Phenomenological modeling of cell-to-cell and beat-to-beat variability in isolated Guinea Pig ventricular myocytes

Experimental action potential (AP) recordings in isolated ventricular myoctes display significant temporal beat-to-beat variability in morphology and duration. Furthermore, significant cell-to-cell differences in AP also exist even for isolated cells originating from the same region of the same heart. However, current mathematical models of ventricular AP fail to replicate the temporal and cell-to-cell variability in AP observed experimentally. In this study, we propose a novel mathematical framework for the development of phenomenological AP models capable of capturing cell-to-cell and temporal variabilty in cardiac APs. A novel stochastic phenomenological model of the AP is developed, based on the deterministic Bueno-Orovio/Fentonmodel. Experimental recordings of AP are fit to the model to produce AP models of individual cells from the apex and the base of the guinea-pig ventricles.
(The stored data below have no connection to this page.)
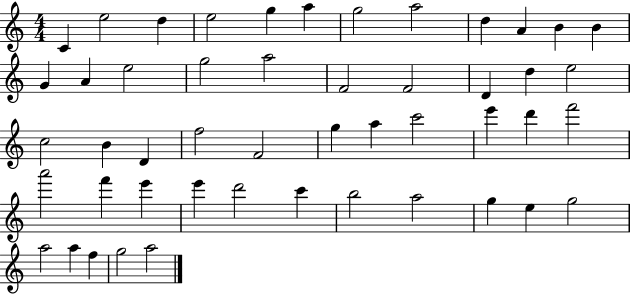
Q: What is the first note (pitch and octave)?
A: C4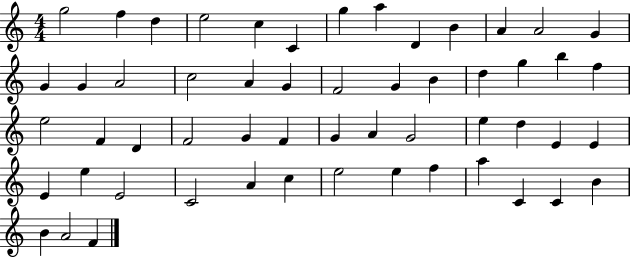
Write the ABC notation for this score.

X:1
T:Untitled
M:4/4
L:1/4
K:C
g2 f d e2 c C g a D B A A2 G G G A2 c2 A G F2 G B d g b f e2 F D F2 G F G A G2 e d E E E e E2 C2 A c e2 e f a C C B B A2 F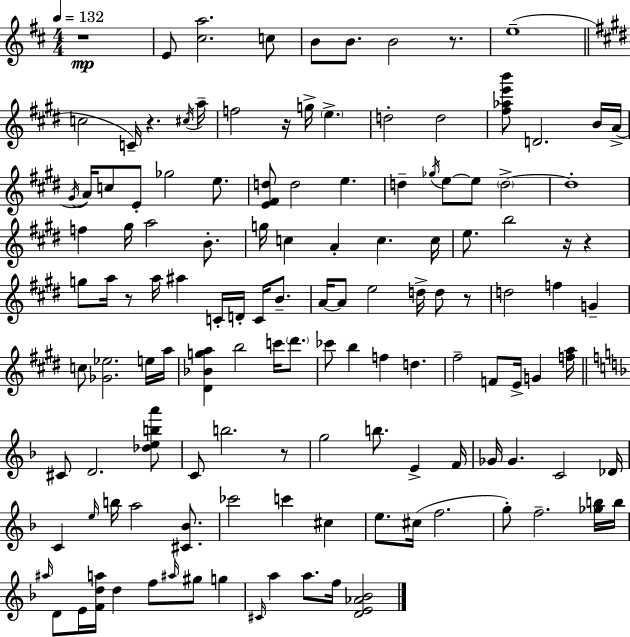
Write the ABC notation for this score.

X:1
T:Untitled
M:4/4
L:1/4
K:D
z4 E/2 [^ca]2 c/2 B/2 B/2 B2 z/2 e4 c2 C/4 z ^c/4 a/4 f2 z/4 g/4 e d2 d2 [^f_ae'b']/2 D2 B/4 A/4 ^G/4 A/4 c/2 E/2 _g2 e/2 [E^Fd]/2 d2 e d _g/4 e/2 e/2 d2 d4 f ^g/4 a2 B/2 g/4 c A c c/4 e/2 b2 z/4 z g/2 a/4 z/2 a/4 ^a C/4 D/4 C/4 B/2 A/4 A/2 e2 d/4 d/2 z/2 d2 f G c/2 [_G_e]2 e/4 a/4 [^D_Bga] b2 c'/4 ^d'/2 _c'/2 b f d ^f2 F/2 E/4 G [fa]/4 ^C/2 D2 [_deba']/2 C/2 b2 z/2 g2 b/2 E F/4 _G/4 _G C2 _D/4 C e/4 b/4 a2 [^C_B]/2 _c'2 c' ^c e/2 ^c/4 f2 g/2 f2 [_gb]/4 b/4 ^a/4 D/2 E/4 [Fda]/4 d f/2 ^a/4 ^g/2 g ^C/4 a a/2 f/4 [DE_A_B]2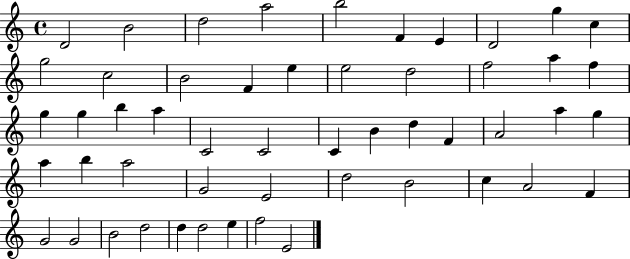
{
  \clef treble
  \time 4/4
  \defaultTimeSignature
  \key c \major
  d'2 b'2 | d''2 a''2 | b''2 f'4 e'4 | d'2 g''4 c''4 | \break g''2 c''2 | b'2 f'4 e''4 | e''2 d''2 | f''2 a''4 f''4 | \break g''4 g''4 b''4 a''4 | c'2 c'2 | c'4 b'4 d''4 f'4 | a'2 a''4 g''4 | \break a''4 b''4 a''2 | g'2 e'2 | d''2 b'2 | c''4 a'2 f'4 | \break g'2 g'2 | b'2 d''2 | d''4 d''2 e''4 | f''2 e'2 | \break \bar "|."
}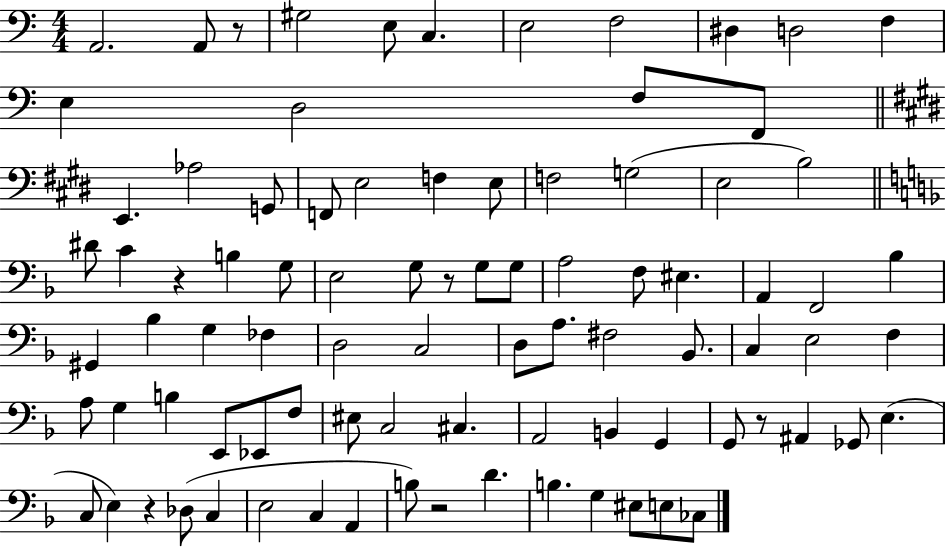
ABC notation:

X:1
T:Untitled
M:4/4
L:1/4
K:C
A,,2 A,,/2 z/2 ^G,2 E,/2 C, E,2 F,2 ^D, D,2 F, E, D,2 F,/2 F,,/2 E,, _A,2 G,,/2 F,,/2 E,2 F, E,/2 F,2 G,2 E,2 B,2 ^D/2 C z B, G,/2 E,2 G,/2 z/2 G,/2 G,/2 A,2 F,/2 ^E, A,, F,,2 _B, ^G,, _B, G, _F, D,2 C,2 D,/2 A,/2 ^F,2 _B,,/2 C, E,2 F, A,/2 G, B, E,,/2 _E,,/2 F,/2 ^E,/2 C,2 ^C, A,,2 B,, G,, G,,/2 z/2 ^A,, _G,,/2 E, C,/2 E, z _D,/2 C, E,2 C, A,, B,/2 z2 D B, G, ^E,/2 E,/2 _C,/2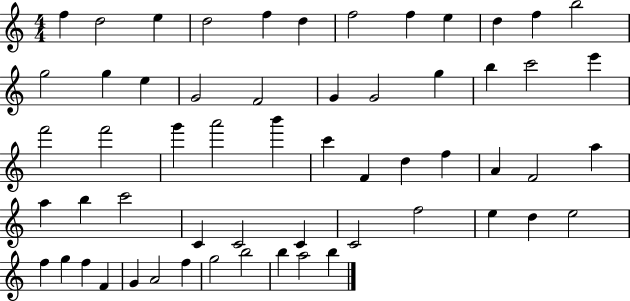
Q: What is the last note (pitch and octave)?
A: B5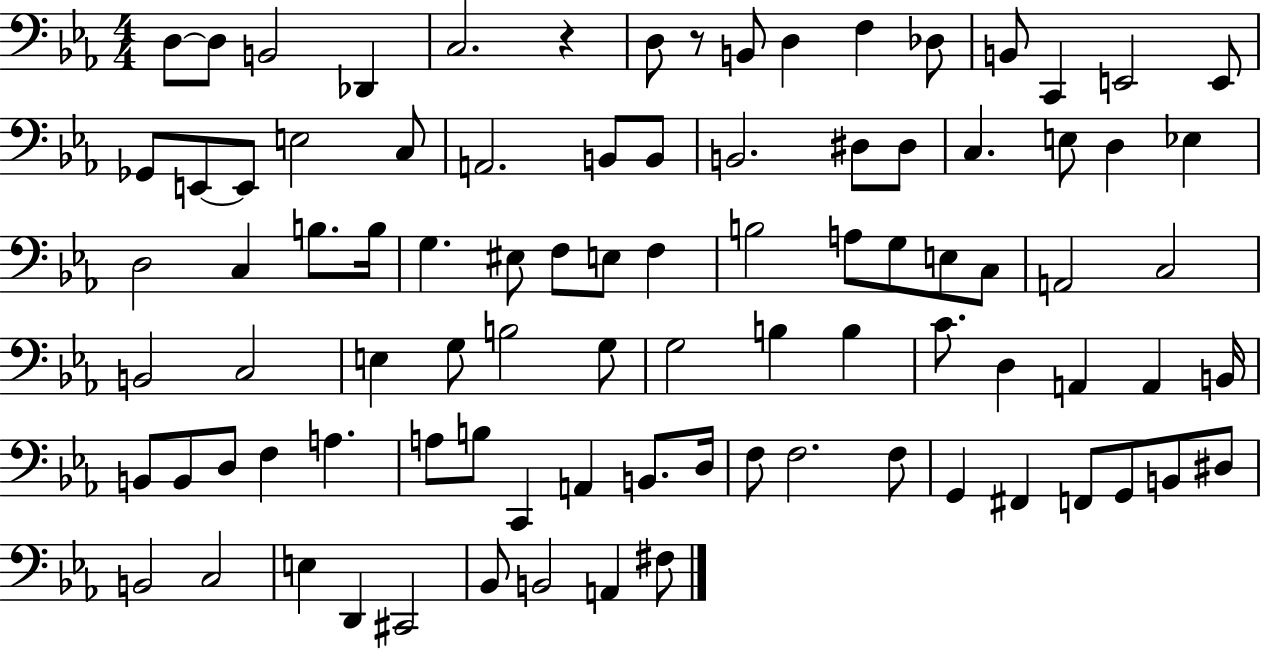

Our results show that the phenomenological model is able to capture the considerable differences in AP recorded from isolated cells originating from the location. We demonstrate the closeness of fit to the available experimental data which may be achieved using a phenomenological model, and also demonstrate the ability of the stochastic form of the model to capture the observed beat-to-beat variablity in action potential duration.